(Items from a dataset)

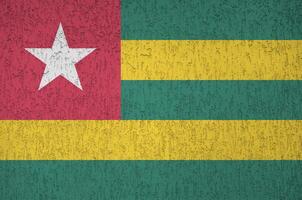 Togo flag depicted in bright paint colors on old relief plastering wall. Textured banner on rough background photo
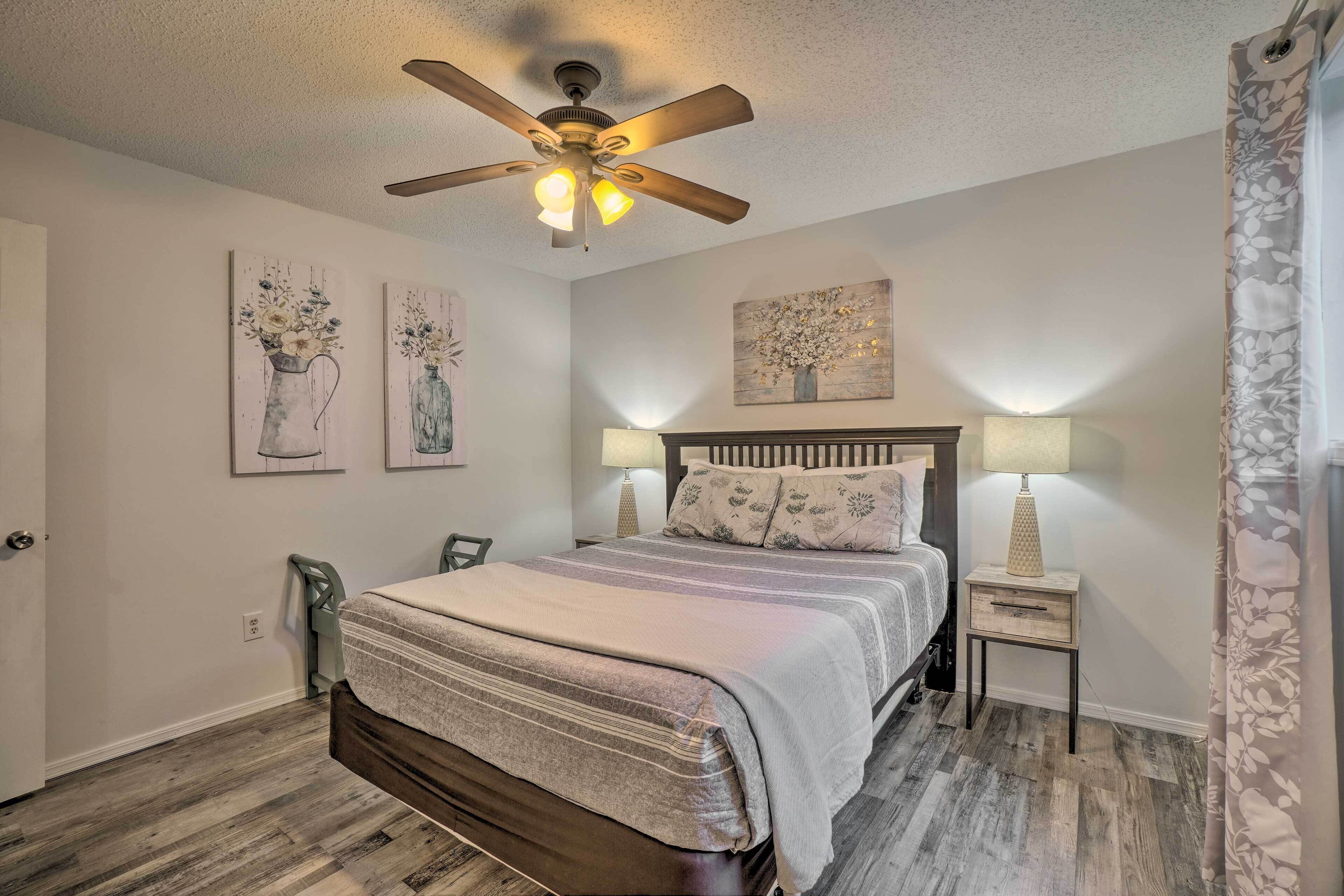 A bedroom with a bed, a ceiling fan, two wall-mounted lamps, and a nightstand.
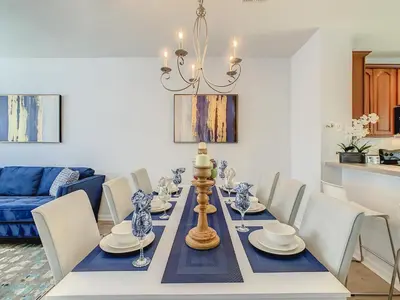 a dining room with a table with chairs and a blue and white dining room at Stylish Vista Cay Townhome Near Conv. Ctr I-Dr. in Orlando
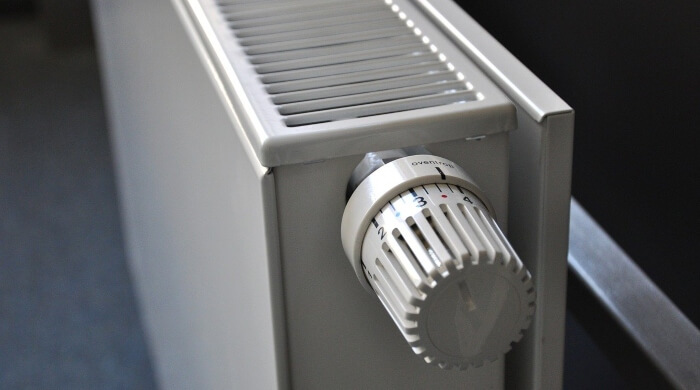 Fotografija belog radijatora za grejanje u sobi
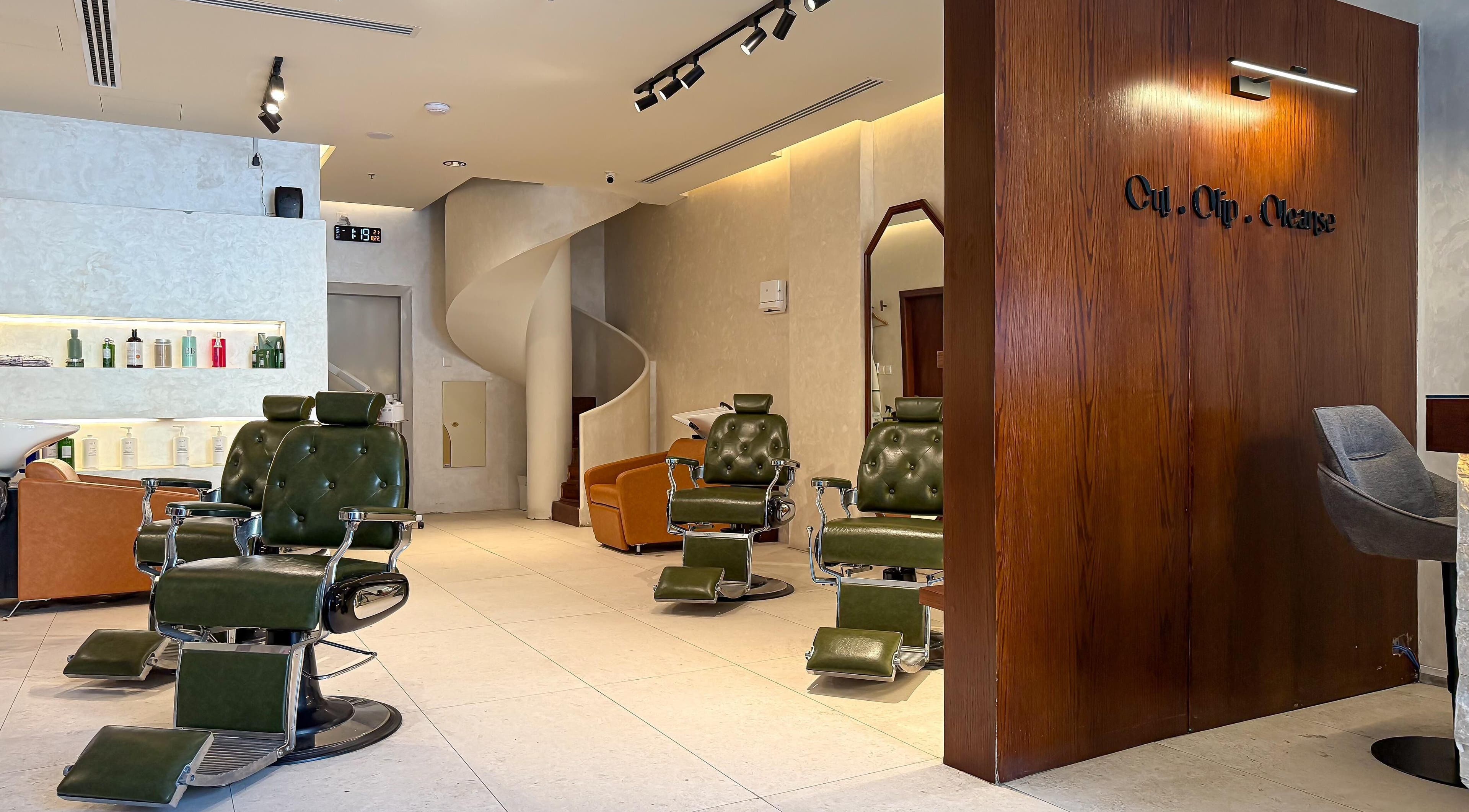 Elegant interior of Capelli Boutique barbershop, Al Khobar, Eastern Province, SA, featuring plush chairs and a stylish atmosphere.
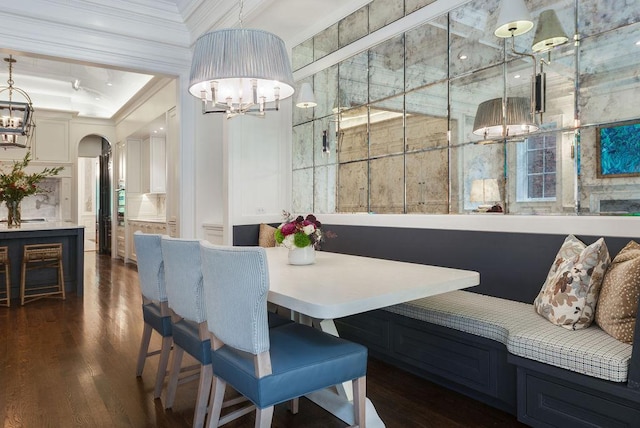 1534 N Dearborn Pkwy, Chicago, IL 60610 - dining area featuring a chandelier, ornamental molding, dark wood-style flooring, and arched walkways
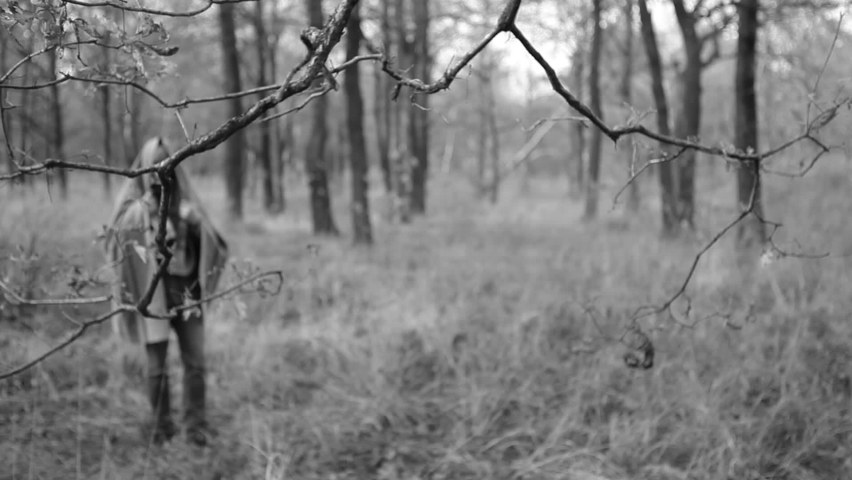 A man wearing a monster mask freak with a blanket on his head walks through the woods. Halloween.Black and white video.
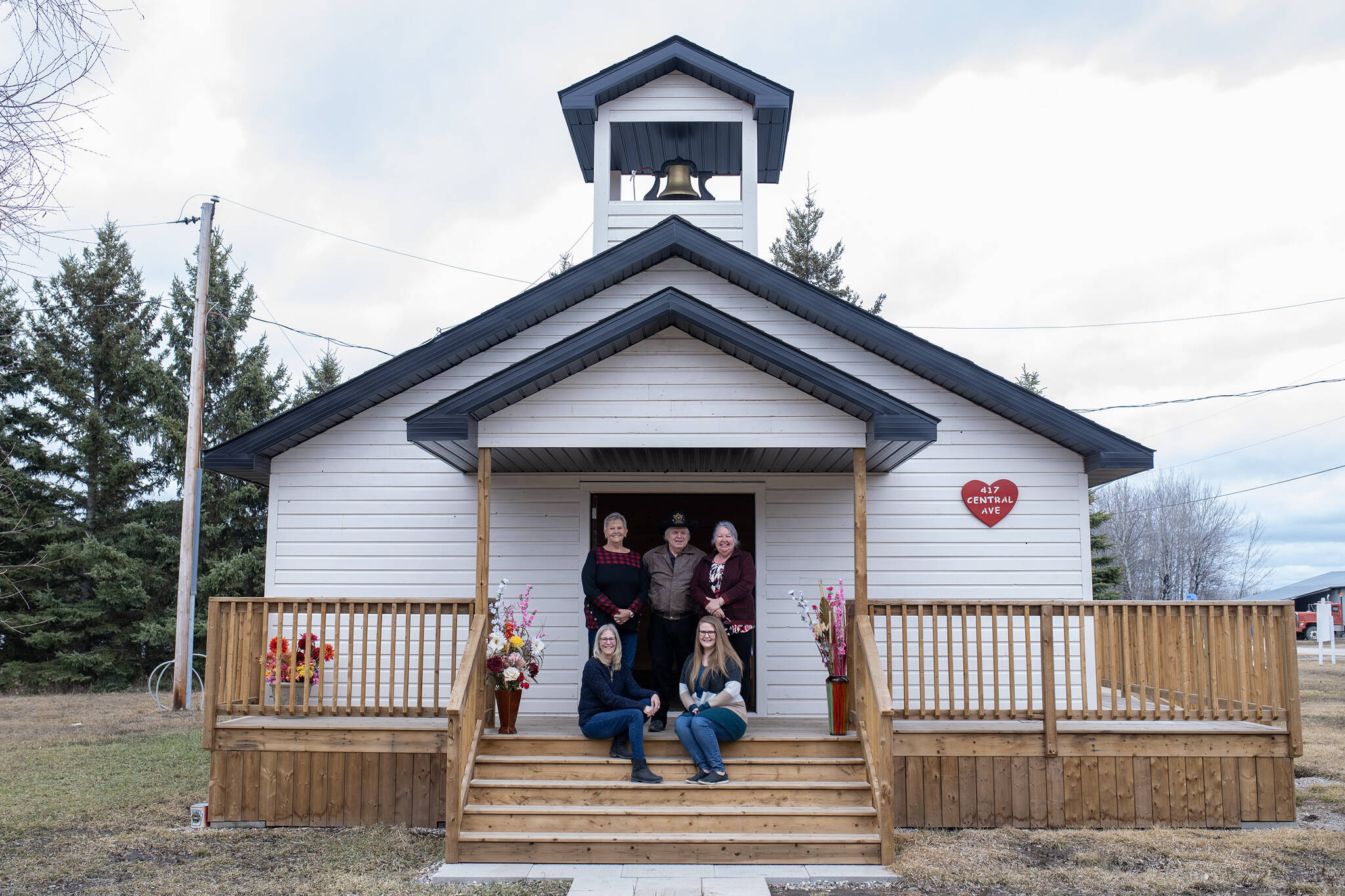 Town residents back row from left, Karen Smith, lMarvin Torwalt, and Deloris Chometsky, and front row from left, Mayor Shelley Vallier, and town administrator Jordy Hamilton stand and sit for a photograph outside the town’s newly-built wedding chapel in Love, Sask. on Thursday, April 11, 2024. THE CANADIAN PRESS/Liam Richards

[Problem statement]: Above are the records; copy exactly the lines from the one with "a dining room" through the one with "A man wearing", including both, and nothing more. Leave out pictures.

[Worked solution]:
 a dining room with a table with chairs and a blue and white dining room at Stylish Vista Cay Townhome Near Conv. Ctr I-Dr. in Orlando
 Fotografija belog radijatora za grejanje u sobi
 Elegant interior of Capelli Boutique barbershop, Al Khobar, Eastern Province, SA, featuring plush chairs and a stylish atmosphere.
 1534 N Dearborn Pkwy, Chicago, IL 60610 - dining area featuring a chandelier, ornamental molding, dark wood-style flooring, and arched walkways
 A man wearing a monster mask freak with a blanket on his head walks through the woods. Halloween.Black and white video.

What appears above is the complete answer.